Die Level-2-Anforderungen beinhalten neben detaillierteren Anforderungen an die offenzulegenden Informationen auch verpflichtende Vorlagen, um die ESG-Informationen offenzulegen und damit die Daten zu strukturieren und vergleichbarer zu machen.

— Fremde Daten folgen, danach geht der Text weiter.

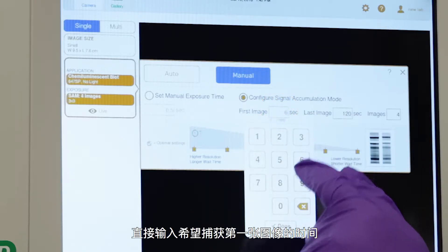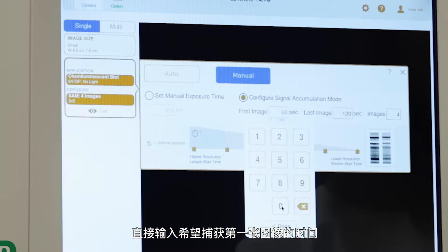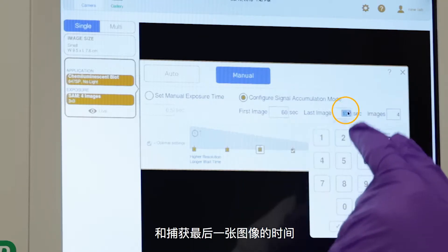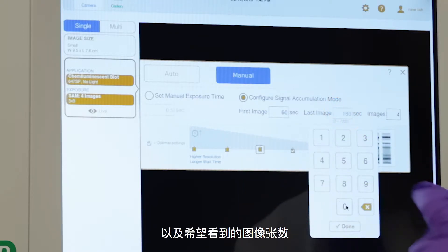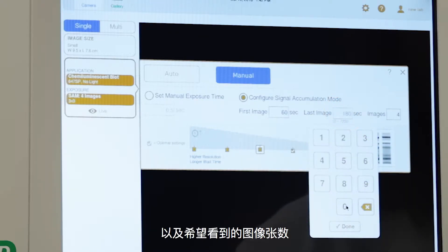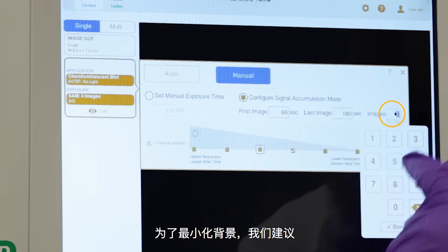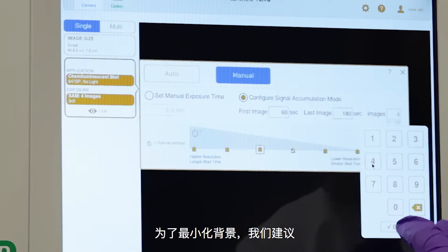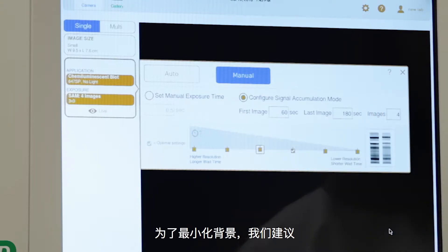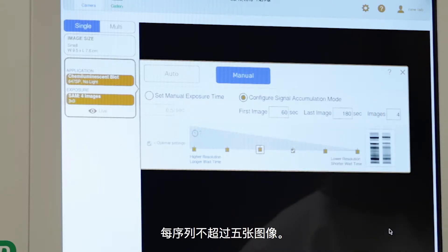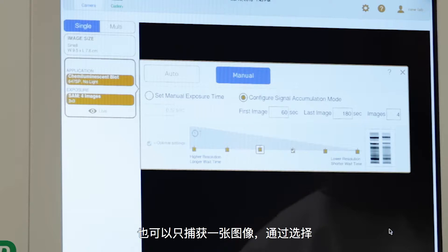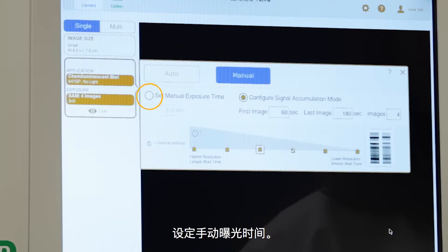Simply enter the time you want your first image captured, the time you want your last image captured, and the number of images you wish to view. For minimal background, we recommend fewer than 5 images per sequence. Or you can simply capture a single image by selecting Set Manual Exposure Time.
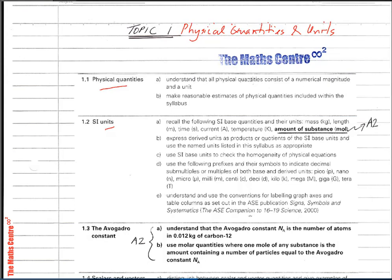Topic 1: Physical Quantities and Units. The requirements in the AS syllabus for this topic are outlined on this page. Please go through all the items carefully. Note that some items are labelled in bold — for instance, the amount of substance (mole) and the Avogadro constant — which will be covered in the A2 part of the syllabus.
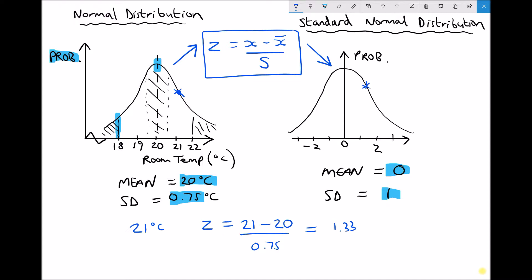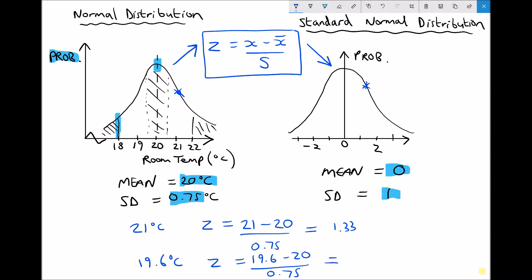Let's take an example closer to the mean: 19.6 degrees C. To standardise that variable we do (19.6 − 20) / 0.75, which gives minus 0.53. On our normal distribution 19.6 degrees sits slightly left of the mean, and minus 0.53 sits at a corresponding position on our standardised distribution.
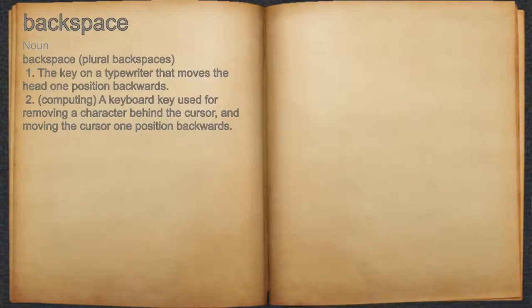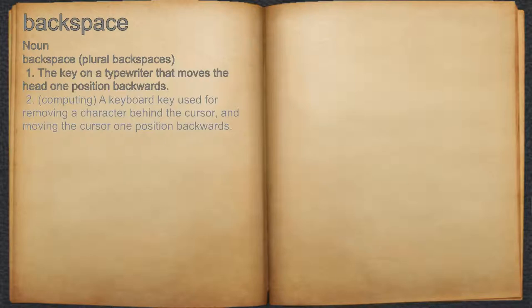Backspace. Noun. 1. The key on a typewriter that moves the head one position backwards. 2. Computing: a keyboard key used for removing a character behind the cursor, and moving the cursor one position backwards.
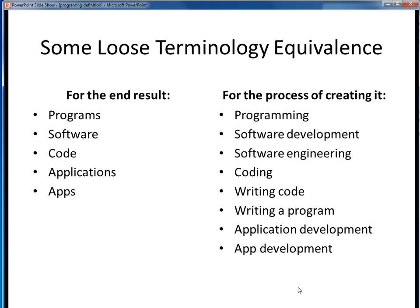Finally, in terms of programming terminology, you'll often hear certain terms used loosely or interchangeably. Just be aware that for our purposes in this class, the terms on the left and right are more or less interchangeable with the others on the same side. For example, for the end result of some programming, you might variously hear this referred to as programs, software, code, applications, or apps. Similarly, for the process of creating that end result, we might refer to it in various contexts as programming, software development, software engineering, coding, writing code, writing a program, or application or app development. In this course, we're not going to split hairs or semantics over these terminologies. While there are some subtle or implied degrees of meaning between these various terms, you'll probably hear me referring to these things by various terms, and that won't be any great concern to us in this course.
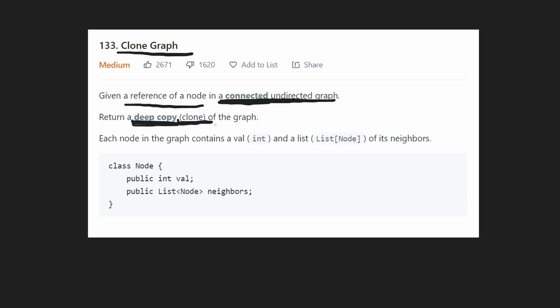For every single node, we have two things: a value and a list of its neighbors. This is what tells us how the graph is connected — these are the edges in our graph.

Die genauen Anforderungen können im Final Report on the Regulatory Technical Standards nachgelesen werden, der von der ESMA veröffentlicht wurde.

Wie anspruchsvoll ist die Datenerhebung für eine ESG-Klassifizierung? 

Die Datenverfügbarkeit ist definitiv eine Herausforderung, vor allem bei kleinen und mittleren Unternehmen sind die Daten nicht immer verfügbar und müssen teilweise manuell erhoben werden, was mit viel Aufwand auf beiden Seiten, sowohl aufseiten des Investors als auch aufseiten des zu investierenden Unternehmens, verbunden ist. Anstatt jedoch nach Perfektionismus zu streben, sollten wir uns nach besten Kräften bemühen, Datenlücken zu schliessen und allfällige derzeit nicht zu behebende Datenlücken transparent offenzulegen.

Wie geht man mit Risiken in einem komplexen Umfeld um, die dazu tendieren, auf nicht lineare Weise zuzunehmen?

Ein bewährtes Instrument zur Bewertung von Risiken und Exposition in einer unsicheren Welt ist die Szenario- und Sensitivitätsanalyse, die im Finanzrisikomanagement weit verbreitet ist: Die Anwendung beider Methoden gewinnt auch im Bereich der ESG immer mehr an Bedeutung und kann dazu beitragen, die Exposition gegenüber Risiken zu verstehen, die in einer sich verändernden Welt auftreten. 

Inwieweit ist die Einbeziehung von ESG-Kriterien eine Frage der Technologie und der Rechenleistung?

Technologie und Rechenleistung erleichtern sicherlich die Einbeziehung von ESG-relevanten Daten in Modelle, Berechnungen und Prozesse. Doch selbst, wenn man noch nicht über die neueste Technologie verfügt, sollte dies keine Entschuldigung dafür sein, vorhandene Daten bei der Bewertung von Risiken nicht zu berücksichtigen.